You no longer have time to take a walk, read that book you bought on Amazon two months ago, have coffee with a friend (and have more to talk about than how terribly busy you both are), or listen to your daughter talk about the girl who hasn’t been so nice to her at school.
We are becoming less available to ourselves and less available to the people around us. We are missing the point and it’s really hurting our world. If you don’t have time to take care of yourself and do things that bring you joy, you’re going to end up overworked, unhappy, and quite possibly depressed. Trust me, I’ve been there.
We need to stop being victims of what everyone else is doing, stop filling our calendar so dang high, and start asking ourselves if our schedules reflect the life we want to have lived when we’re eighty.
What would happen if you started telling your time where to go and removing the things on your calendar that don’t line up with your end goal? This doesn’t mean you have to become a Type A personality who lives by the schedule (that freaks me out and I could never not be spontaneous) but the fact is that if you want to live an intentional life, you have to plan to be intentional. Spontaneity has little to do with it.

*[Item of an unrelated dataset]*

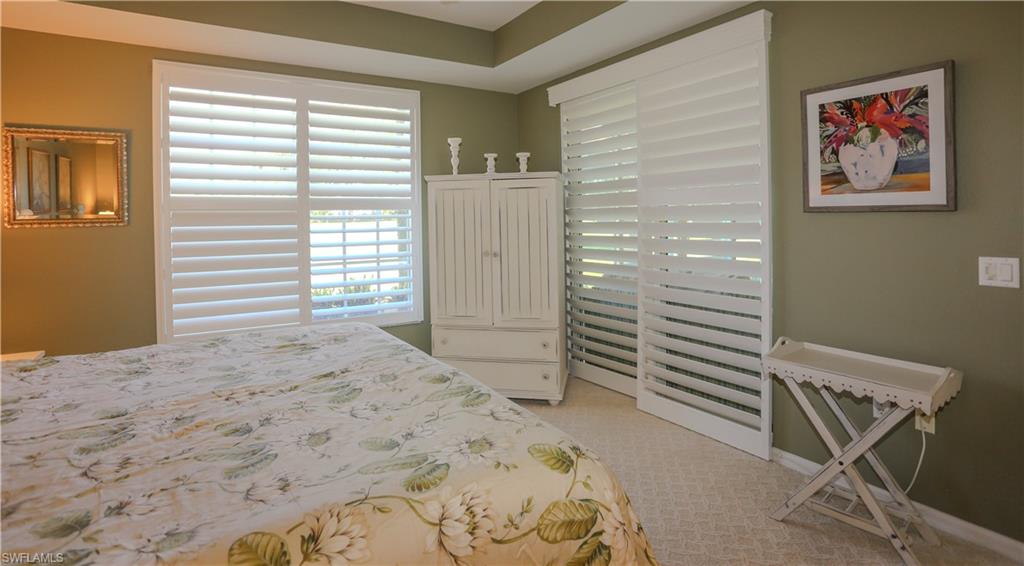 2405 Harmony Ln # 103 Property Photo 18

As someone whose life is generally insane (I have four kids under eight, I homeschool and run my own business from home- not bragging, it’s that busy all on its own), I’ve had to really get serious about how I’m spending my days and what goes on my calendar.
There are a few things I’ve learned about decluttering my calendar, clearing the chaos in my schedule, and being truly intentional about how I’m spending my time.
>> Note: I’ve always wanted to write a “10 things” blog post but I never end up with ten things (I think everyone else is forcing it because they always end up with the perfect ten). But this time it happened. And I have to say I did a happy dance when I ended up with TEN perfect things, because I’m a huge dork. Anyway….
10 Ways to Declutter Your Calendar & Get Intentional With Your Time
Question all reoccurring events and commitments.
Just because you’ve always done something or you’ve been a part of it for x amount of time doesn’t mean it’s right for you in this season.
Have you always been a table leader at your Bible study but when you think about the coming season you cringe? Back out. They’ll be fine, I promise. I give you permission to think of yourself here and remove yourself from any commitments that used too fit you but don’t anymore.
One personal example I can give you is from our move to the midwest a couple years ago. We left our home state of California (we’re back now) and moved to the Ozark Mountains in Arkansas. I was scared and desperate for friends, so I started a MeetUp group. After a few months I wasn’t scared anymore and God had called me to start my business, which meant less free time.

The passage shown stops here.